Starting at the top of the records below and ending with the line that contains "4x4 Nissan terrano 1 offroad caccia", print each line exactly as written, skipping the pictures.

* Task data
• • • • •
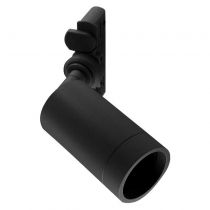 focus support spot sur rail gu10 ip20 noir (8371)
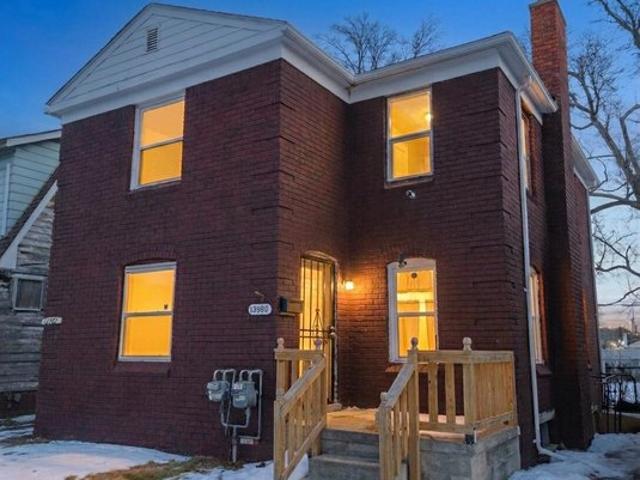 House for sale in Detroit, Michigan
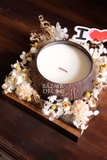 Set quà tặng Khay nến thơm gáo dừa | Wild Flowers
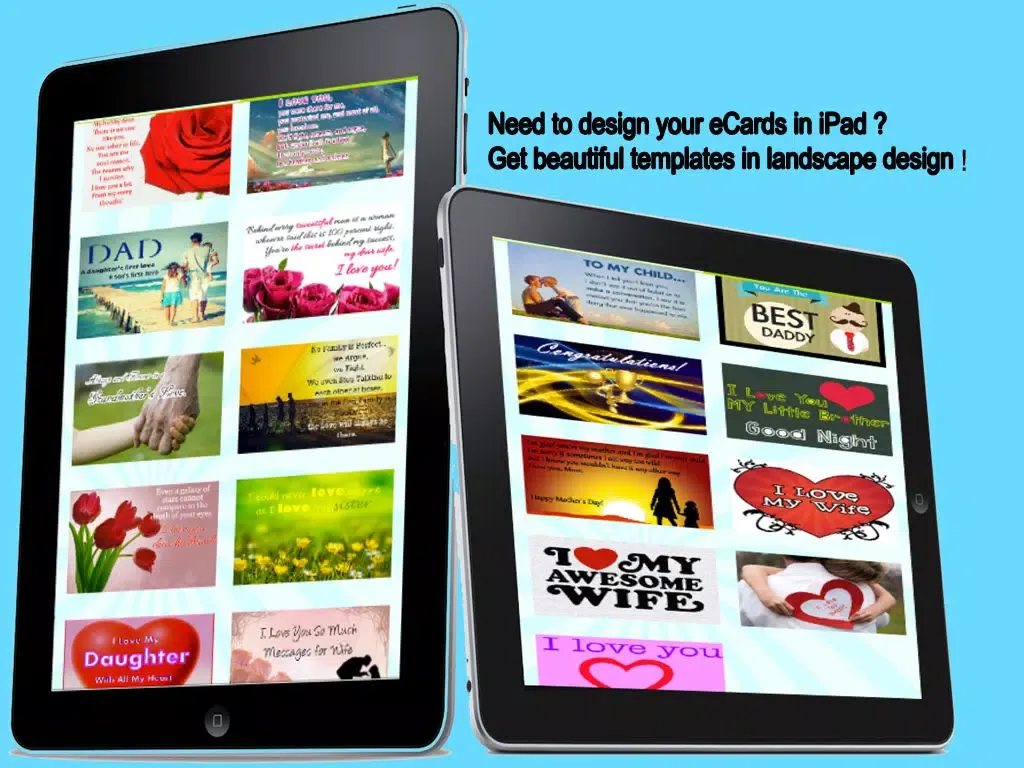 Tangkapan layar Best Family eCards - Design and Send Family Greeting Cards iPad 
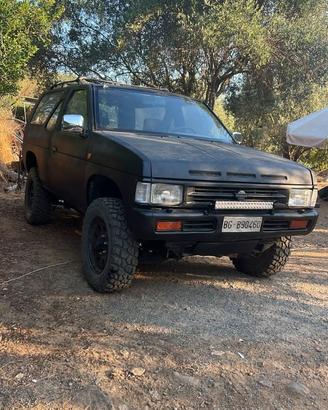 4x4 Nissan terrano 1 offroad caccia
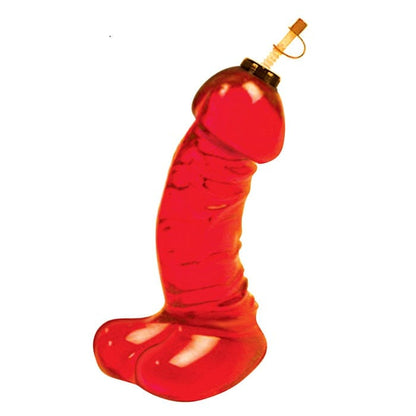 Hott Products Bachelorette Party Red Hott Products Dicky Big Gulp Sports Bottle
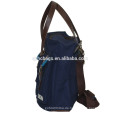 Neues Modell Leder Windel Tote Bag Canvas Tasche Mens Tote (ES-Z366)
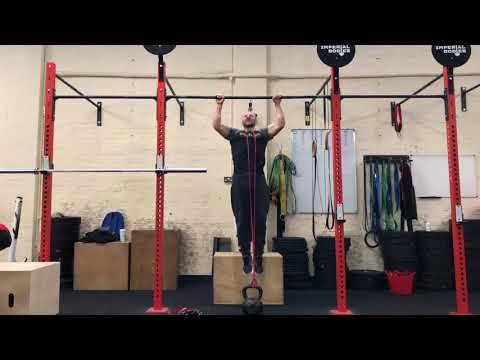EXPLOSIVE PULLUPS WITH R  BAND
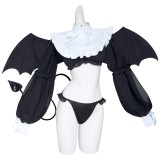 My Dress up Darling Marin Kitagawa Liz-kyun Devil Party Cosplay Costume Halloween Carnival Outfit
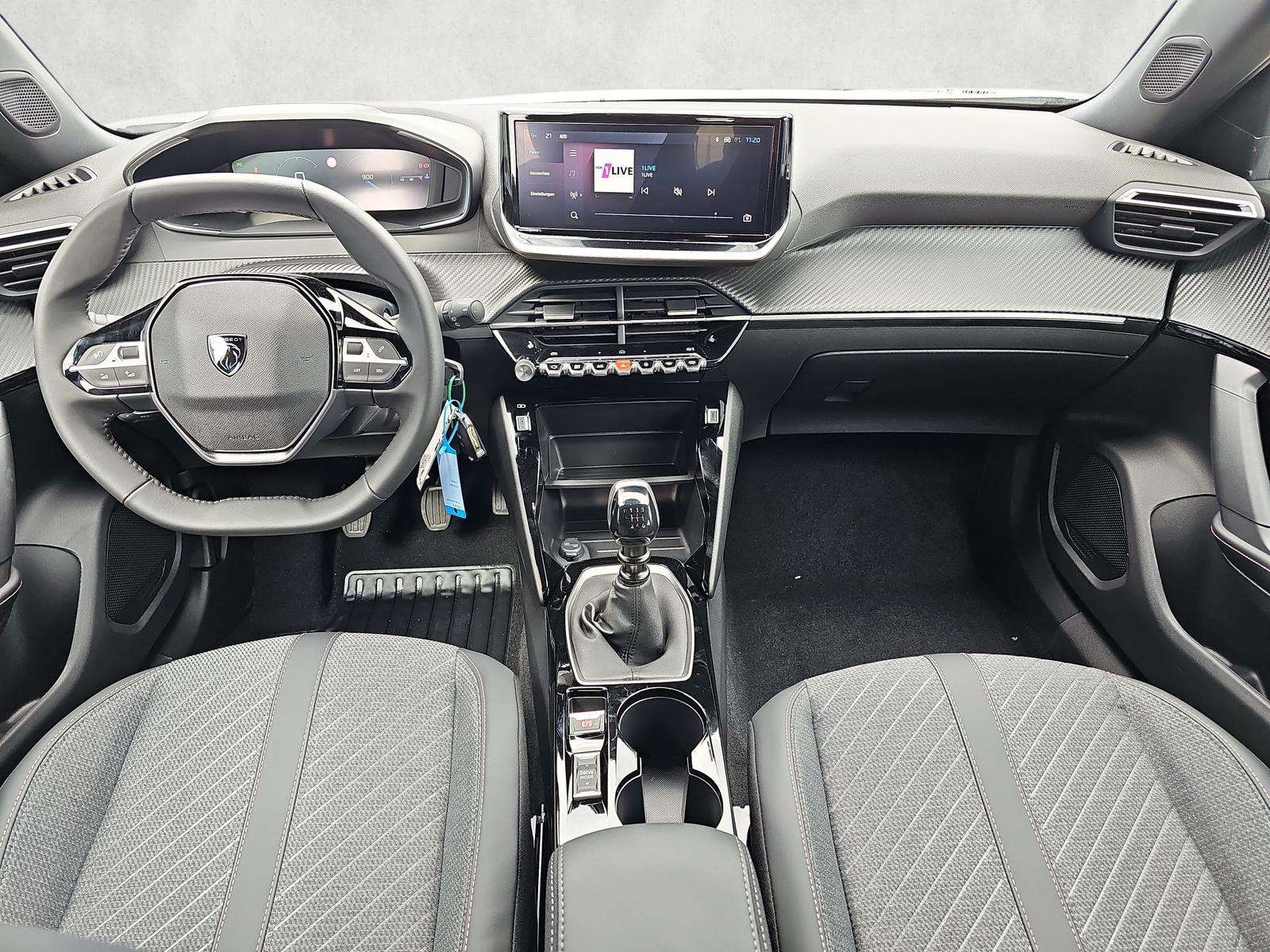 Fahrzeugbild eines Peugeot 2008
• • • • •
* Solution
 focus support spot sur rail gu10 ip20 noir (8371)
 House for sale in Detroit, Michigan
 Set quà tặng Khay nến thơm gáo dừa | Wild Flowers
 Tangkapan layar Best Family eCards - Design and Send Family Greeting Cards iPad 
 4x4 Nissan terrano 1 offroad caccia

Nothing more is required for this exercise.